Today The Hugh Lane houses the foremost collection of modern and contemporary art in Ireland. Furthermore the Gallery is noted for its international schedule of temporary exhibitions.
'Richard Tuttle: Triumphs' at Dublin City Gallery The Hugh Lane is a site specific exhibition and collaboration with the artist. Responding to the local as encountered in the early Georgian architecture of the main gallery, Charlemont House (designed by Sir William Chambers in 1765) and to the Hugh Lane collection (established in 1908), Richard Tuttle will install a multipart horizontal installation in the galley's new wing (2006). In works such as the shaped plywood wall reliefs of the 1990s to recent handmade printed paper assemblages, Richard Tuttle will configure his artworks in new forms that have emblematic meaning to his interest in the Augustan era and its polysemous aesthetics.

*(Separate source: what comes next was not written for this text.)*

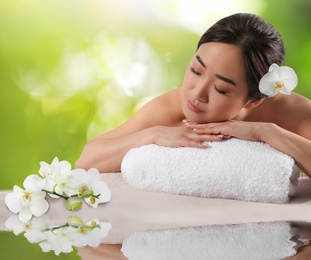 Image of Beautiful Asian woman lying on massage table. Spa treatment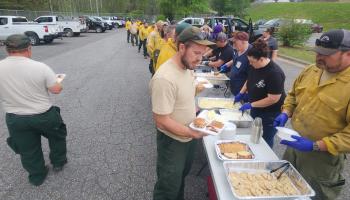 Southwestern Community College employees and area residents serve a meal to firefighters and emergency personnel on Monday, April 21, at Swain West Elementary School.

Neo classicism, the governance of imperial states and the power of the visual to silence language is revealed in 'Triumphs'. Richard Tuttle's reputation as one of the leading post minimalist artists rests on his persistently unconstrained art practice using improvisational working procedures and non-traditional materials. The multiplicity of concepts is successfully realised through work that uses a paucity of means but which has a robust and enriching impact on the viewer.
An overlapping 'Triumph' curated by Barbara Dawson and Michael Dempsey, illuminates the main exhibition. It begins with work from the mid 1960s through to the present, and includes a new installation of 'Village V' (2004) in Lord Charlemont's salon. Richard Tuttle Books – curated by Logan Sisley – reveals a significant activity for Richard Tuttle which will also be included in the exhibition.